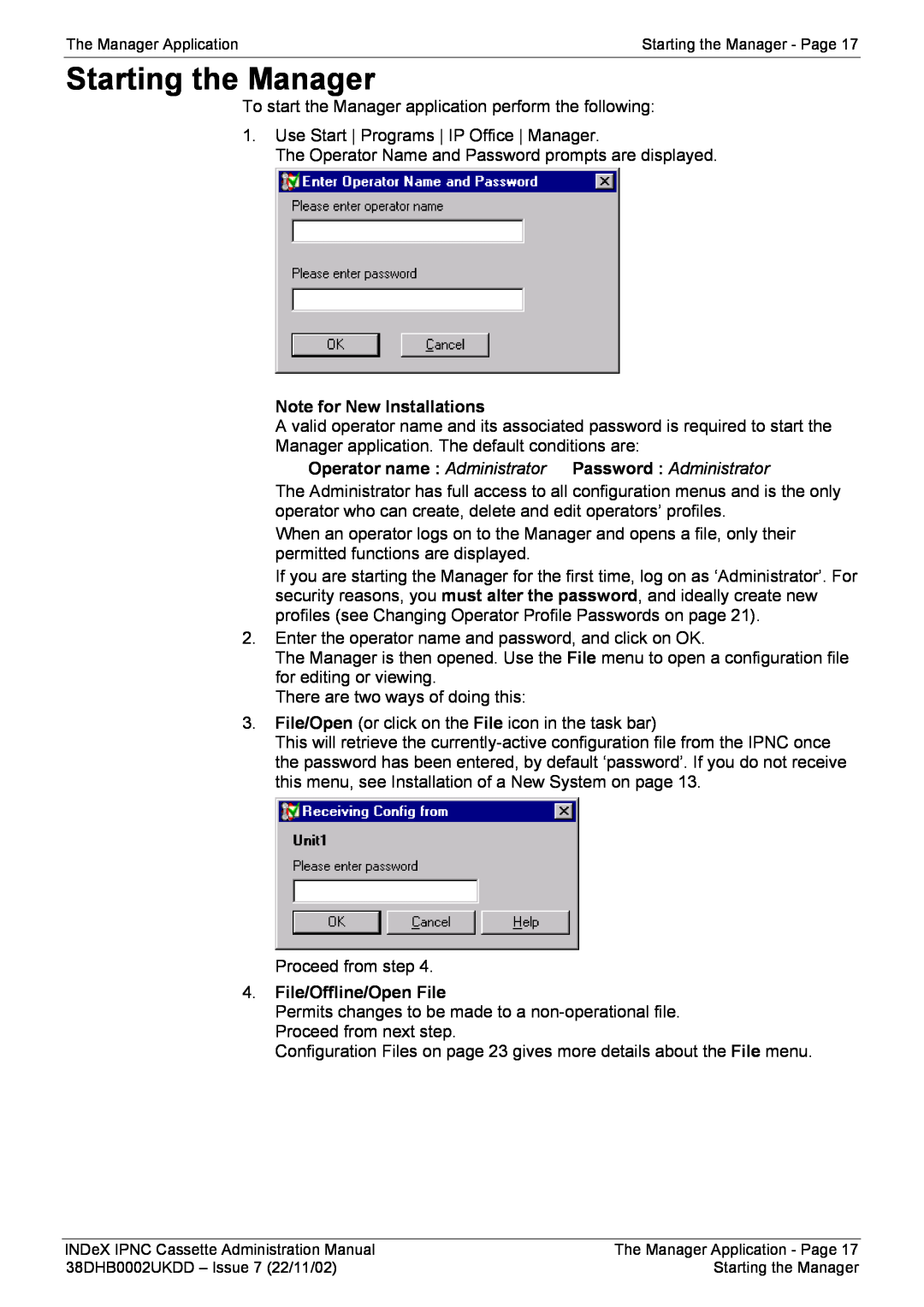 Avaya 38DHB0002UKDD manual Starting the Manager, Note for New Installations, File/Offline/Open File 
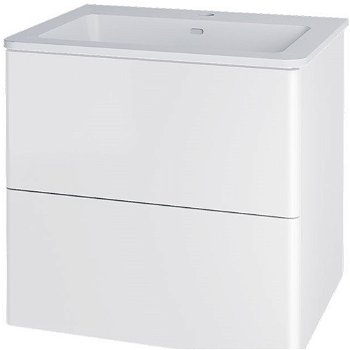 MEREO - Siena, kúpeľňová skrinka s umývadlom z liateho mramoru 61 cm, biela lesk CN410M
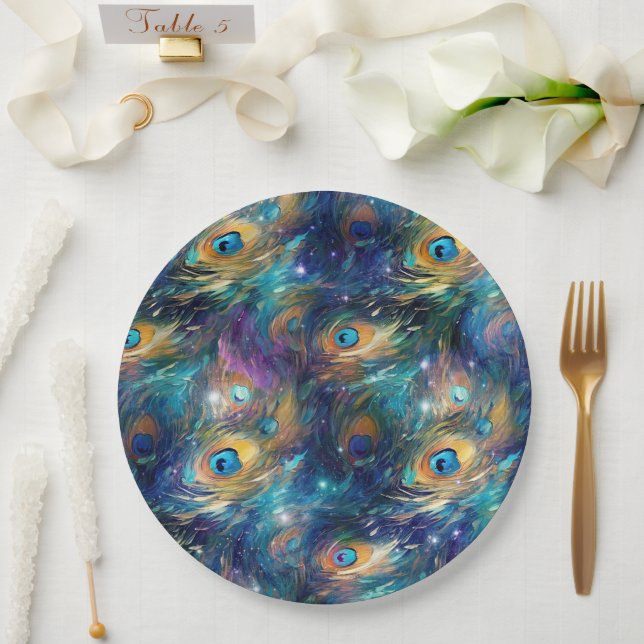 Assiettes En Carton Aqua Plumes Peacock Peint Bleu (Mariage)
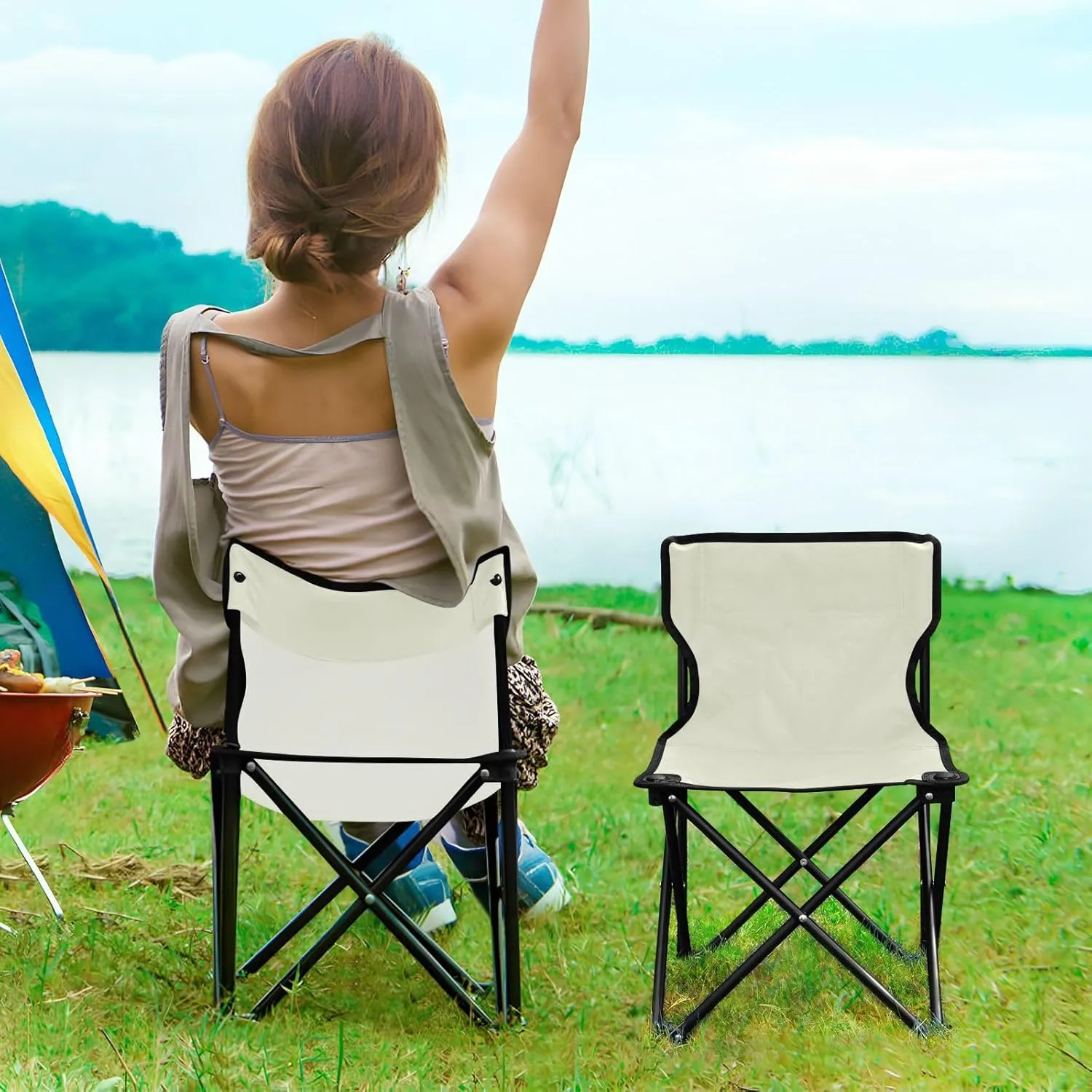 Gredecor Camping Chairs,Beige Lightweight and Supportive Chairs and Lightweight Individuals - Compact, Durable, and Portable - Ideal for Camping, Hiking, Beach, and Picnics - Carry Bag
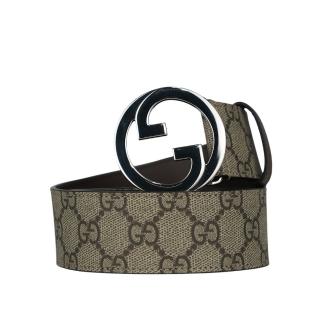 【GUCCI 古馳】Blondie GG 銀色標誌塗層帆布及皮革 寬4cm(棕色)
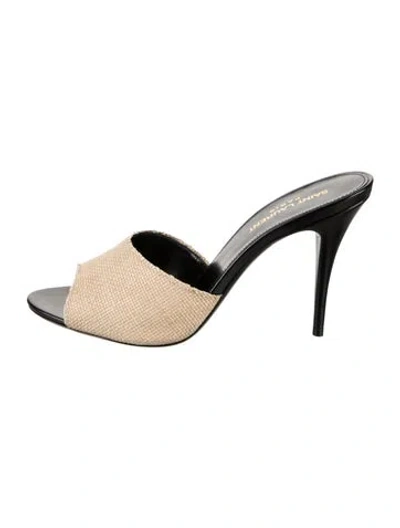 Pre-owned Saint Laurent Raffia Mules In Neutrals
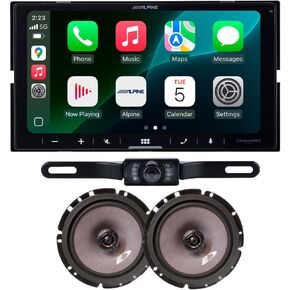 Alpine iLX-W770 Digital Multimedia Receiver with CarPlay and Android Auto, Alpine SXE-1726S 6 1/2" 2 Way Coaxial Speakers (Pair) and License Plate Camera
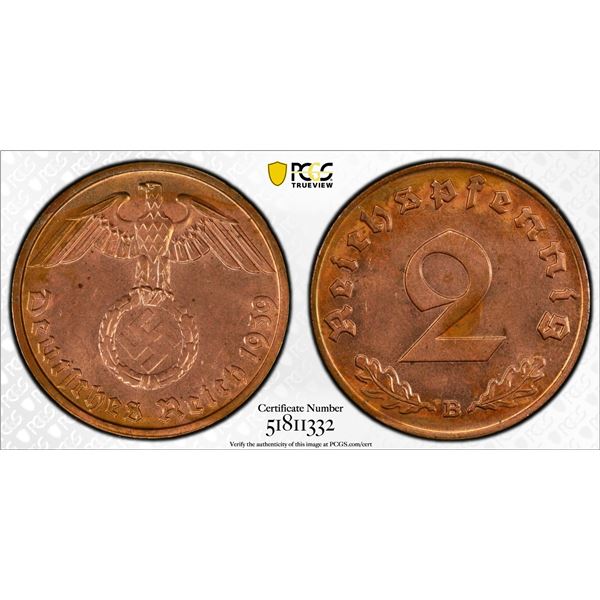 GERMANY: Third Reich, 1933-1945, AE 2 reichspfennig, 1939-B, PCGS MS64 RB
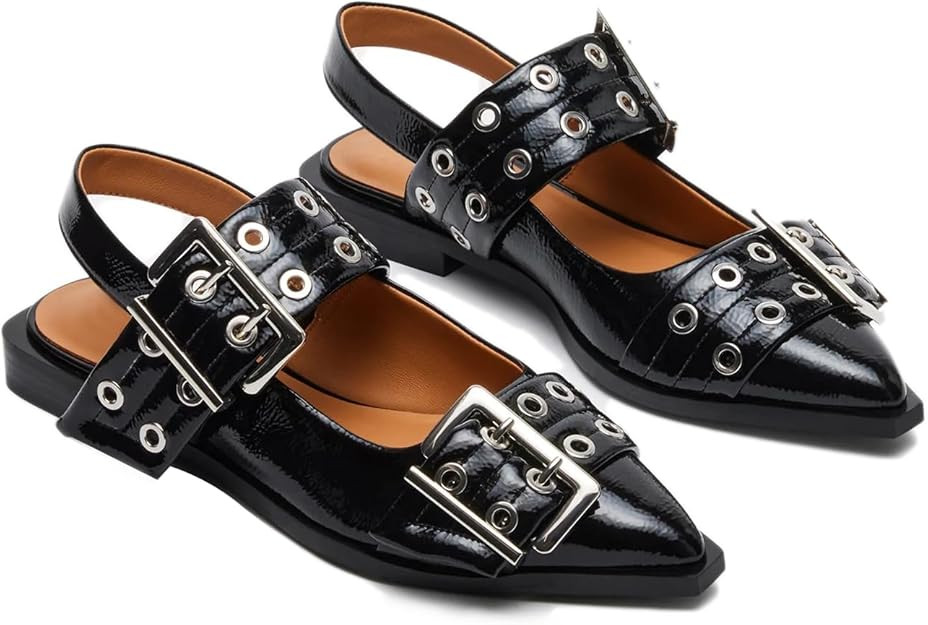 Women Ballet Buckle Flats Pointed Toe Slingback Flat Casual Comfortable Ballerina Shoes | Amazon (US)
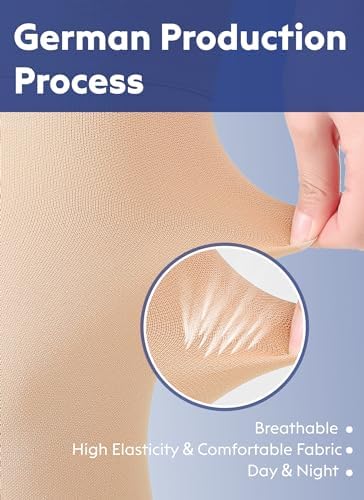 Thigh High Compression Stockings Closed Toe for Men & Women, Opaque, KEKING 15-20mmHg Graduated Compression Leg Support Hose with Silicone Band - Swelling, Varicose Veins, Edema, DVT, Beige Large - Image 3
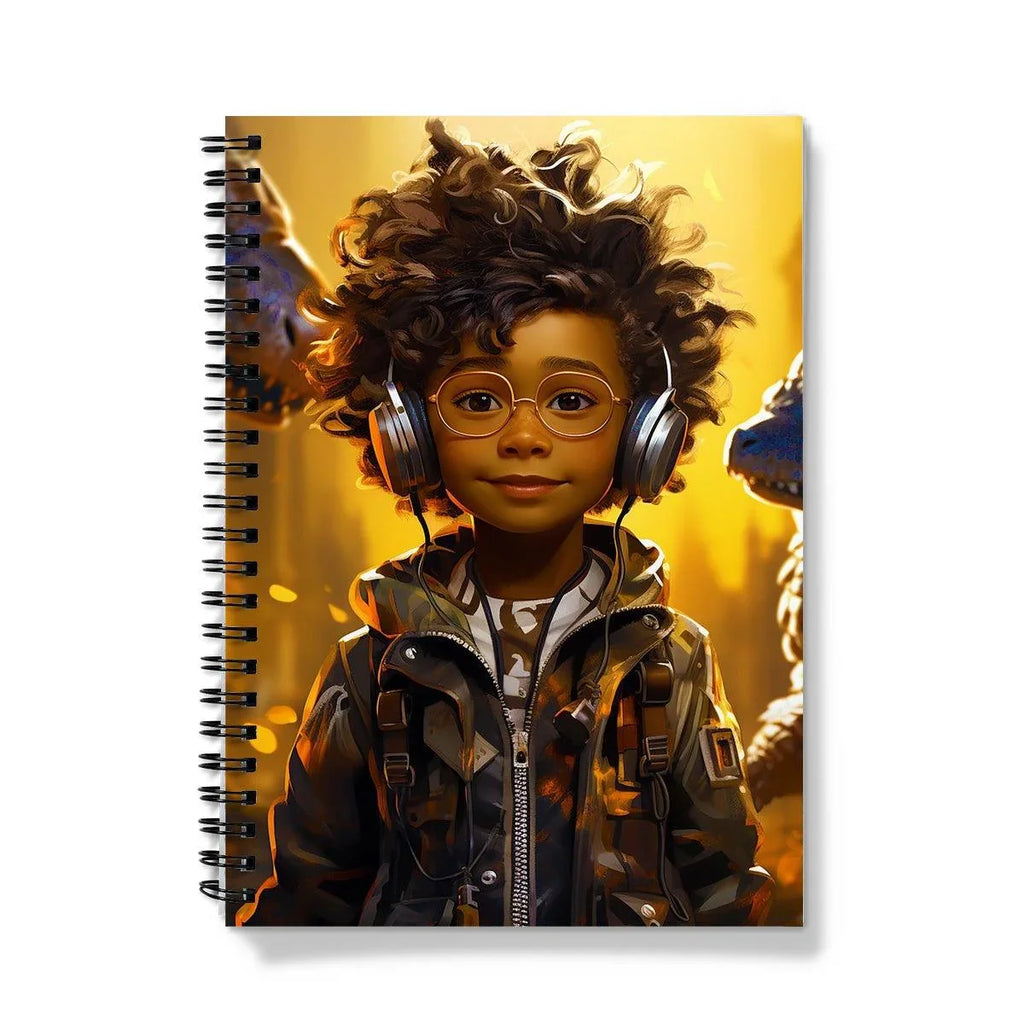 Little Boy Dino Dream Earphone: MelanatedMe Adventures by D'Sare Notebook - D'Sare 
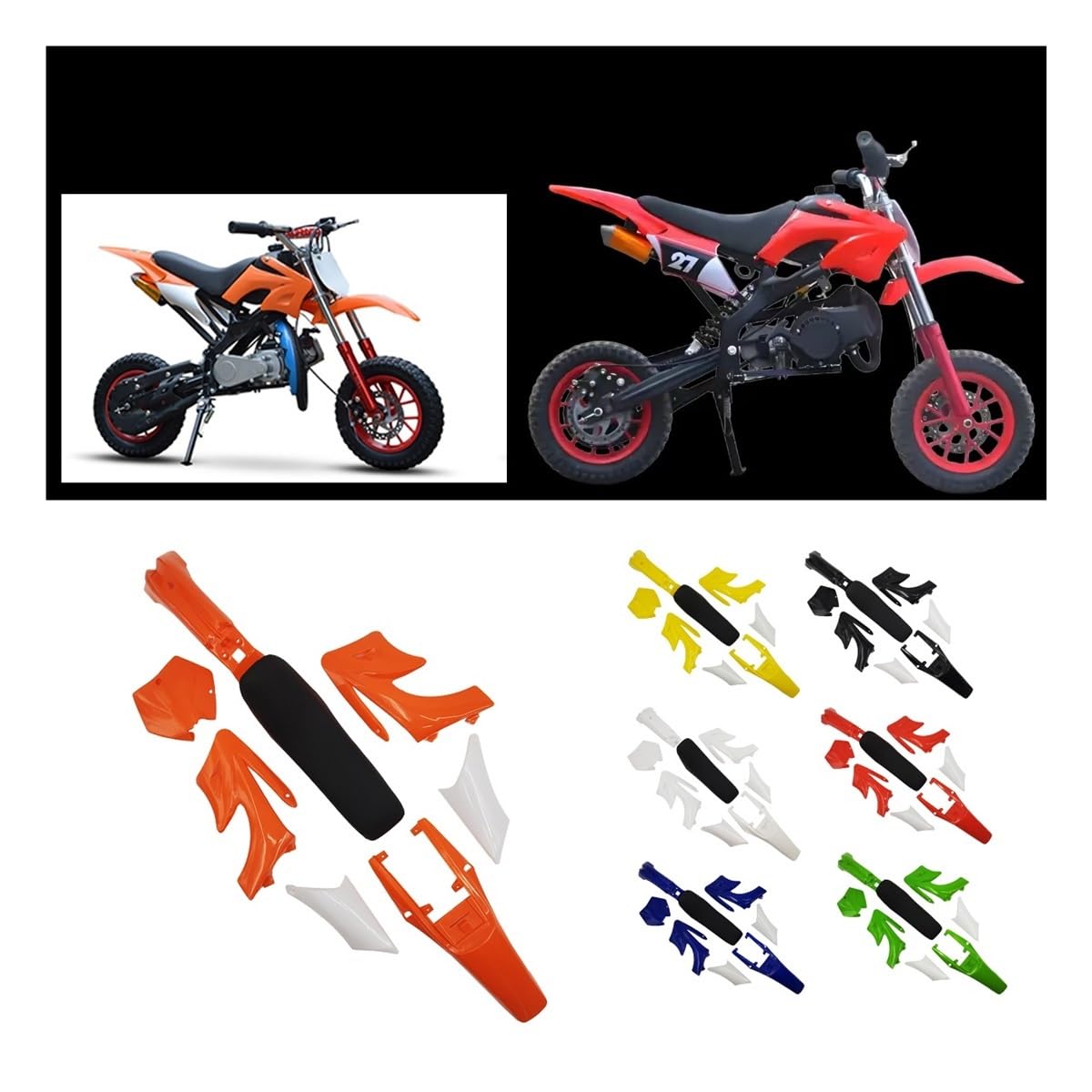 Carénage Moto Kit Kit De Carrosserie pour Moto 7 Couleurs Accessoires pour Enfants Dirt Pocket Bike Carénage en Plastique Garde-Boue Coussin De Siège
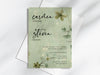 Personalised Sage Floral Wedding Invitations with Envelopes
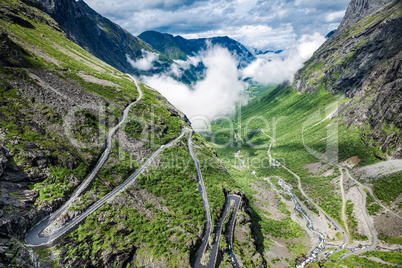 Troll's Path Trollstigen or Trollstigveien winding mountain road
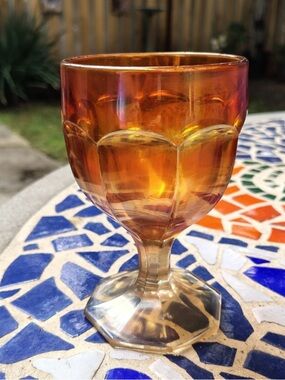 Vintage Carnival Marigold Glass Goblet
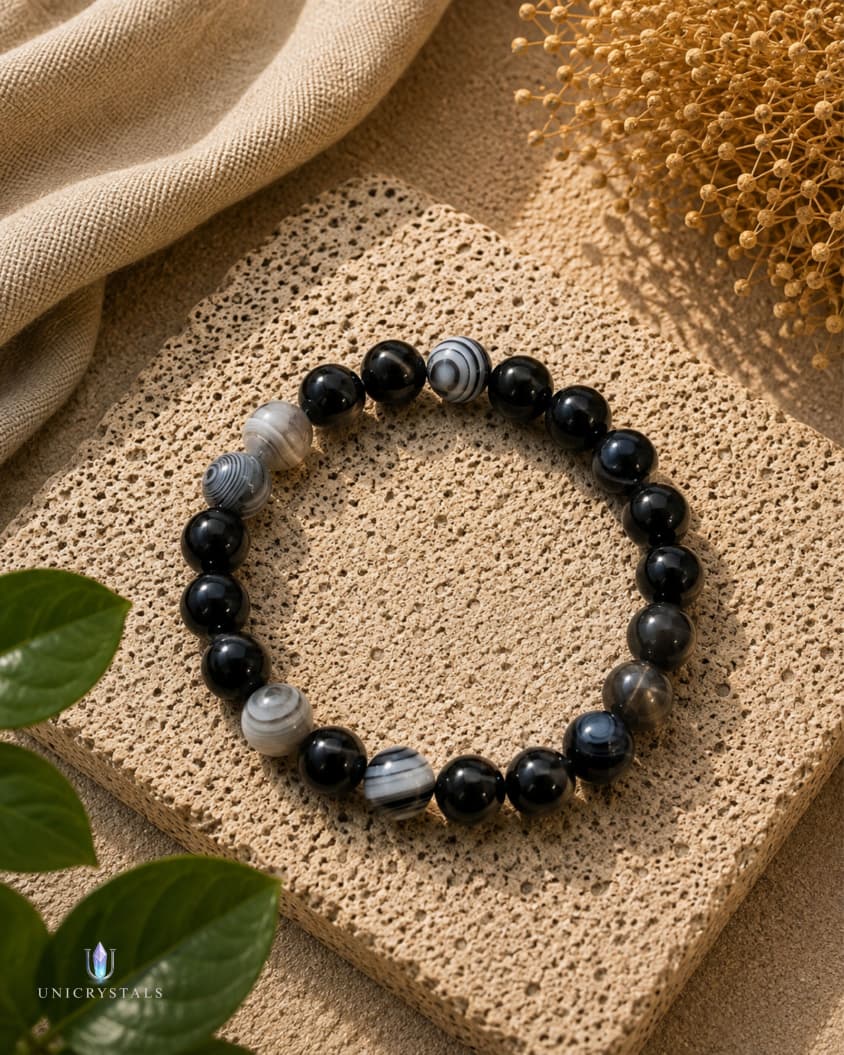 Black Banded Agate Onyx Bracelet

§ TASK TO COMPLETE: For this exercise, set down exactly the lines that run from the line holding "Troll's Path Trollstigen" to the last line of the records above; include both end lines and omit pictures.

§ ANSWER TO THIS TASK:
 Troll's Path Trollstigen or Trollstigveien winding mountain road
 Vintage Carnival Marigold Glass Goblet
 Black Banded Agate Onyx Bracelet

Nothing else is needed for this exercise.